The Globe and Mail recently published an article relating to the long-arm powers available to the Canada Revenue Agency to collect its debts. In this case, it concerns the transfer of property in non-arm's-length transactions where the transferor has outstanding tax liability, which, under s. 160 of the Income Tax Act, will attract liability in the hands of the recipient.
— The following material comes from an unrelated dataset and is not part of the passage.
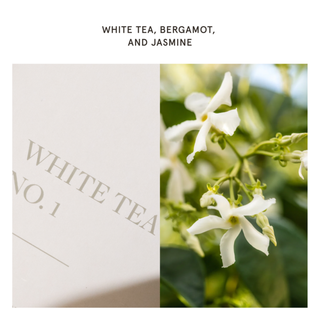 A split visual showing a cream-colored tea box with the text 'WHITE TEA NO. 1' on one side and white flowers with green leaves on the other.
S. 160's reach is quite broad:

  • it captures the transfer of property, either directly or indirectly, by means of a trust or by any other means whatever, to
  • a person's spouse or common-law partner, anyone under the age of 18, or anyone not being dealt with at arm's length,
  • resulting (before taking into account the effect of the income attribution rules in the Act) in both the transferor and transferee being jointly and severally liable for the amount (in excess of the fair market value of any consideration given) in order to satisfy the outstanding tax liability in question.
What constitutes a "transfer of property?" It can be:
  • a gift or bequest,
  • a deposit into the transferee's bank account,
  • releasing an interest in a joint bank account or a joint tenancy to the other titleholder,
  • making payments on another person's mortgage,
  • a tax-debtor corporation issuing dividends to related shareholders who are in a position to control the corporation, or
  • a series of transactions from one non-arm's-length person to another (in which case the joint and several liability applies to all parties!)
but it does not include payments made under a court order or separation agreement (by virtue of s. 160(4)).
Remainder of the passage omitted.